Clearly, people were aware that unethical practices are not uncommon in the world of business. If it comes to light, any incident of corruption can blow a company’s reputation to smithereens. Still, corporations pay only lip service to curb such practices. The PwC report said while 80 per cent respondents said that they have some sort of an anti-corruption programme in place, only 22 per cent were confident of their effectiveness; less than half said these programmes are clearly communicated to all and rigorously enforced; and only 40 per cent said the current controls are effective at identifying high-risk business partners or suspect disbursements.
This, mind you, was a global report. The situation in India, if the country’s score in the various corruption indices is anything to go by, could be far worse. KPMG, earlier this year, had come out with the India Fraud Survey 2010. It spoke to CEOs, CFOs, heads of audit and compliance, fraud risk managers and other senior managers across industry verticals. “The mistrust of employees towards their senior management is unmistakable,” it concluded. “Despite this, control mechanisms are not in place in most organisations, and hence the need for risk-mitigating strategies is unquestionable. It is time that India Inc stood up and ended its tolerance of unethical behaviour, bribery and corruption.”

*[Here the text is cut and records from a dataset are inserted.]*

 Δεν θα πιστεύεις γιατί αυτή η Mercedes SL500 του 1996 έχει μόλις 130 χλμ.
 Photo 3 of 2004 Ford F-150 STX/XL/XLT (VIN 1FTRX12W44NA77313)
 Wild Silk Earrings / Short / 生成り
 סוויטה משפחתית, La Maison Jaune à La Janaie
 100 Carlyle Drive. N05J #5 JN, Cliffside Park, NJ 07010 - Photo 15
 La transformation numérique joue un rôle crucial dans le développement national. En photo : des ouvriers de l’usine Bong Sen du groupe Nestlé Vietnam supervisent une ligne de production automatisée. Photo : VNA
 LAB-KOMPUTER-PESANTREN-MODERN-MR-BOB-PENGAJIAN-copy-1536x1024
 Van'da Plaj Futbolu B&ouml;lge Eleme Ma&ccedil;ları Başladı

Seventy-five per cent of the respondents said that fraud in the corporate world is on the rise; 54 per cent said fraud is on the rise in their industry; and 45 per cent said fraud (actual or suspected) has risen in their organisation. Eighty-one per cent said fraud in financial statements is a huge issue; 63 per cent said the desire to meet or exceed market expectations is the main factor behind such frauds; and 62 per cent disagreed that strict action is taken when such a fraud comes to light. Prepare yourself for more alarming stuff: 41 per cent said they do not have in place a formal fraud-risk management framework; 60 per cent said usage of technology in detecting trends and anomalies in data is average to poor; and 58 per cent said data analytics are either not used or used partially.
Some bits of the survey didn’t come as a surprise. Thus, the supply chain (procurement, distribution and revenue leakage) is the function most exposed to fraud, internal controls are weak, ethical values have eroded and line managers are reluctant to take action against perpetrators. This, in turn, encourages fraudsters. The link between the financial earnings of the company and the remuneration of the senior management has its own perils. Precious little is done to encourage and protect whistleblowers. And few companies have the forensic skills to detect frauds. Nothing shows it better than the Satyam fraud. Till Ramalinga Raju confessed to his monumental fraud in early 2009, nobody was aware that he had been cooking the books of the company for seven long years! The company had over 50,000 employees, topnotch people on its board of directors and high-profile auditors. Evidence that has been collected so far shows that apart from a handful of people nobody had a clue of what Raju was up to. There may have been some tightening of controls and screening of business partners, especially of clients by auditors, since the scam broke out, but there is nothing to suggest that corruption is on the decline. It is just a way of life in India.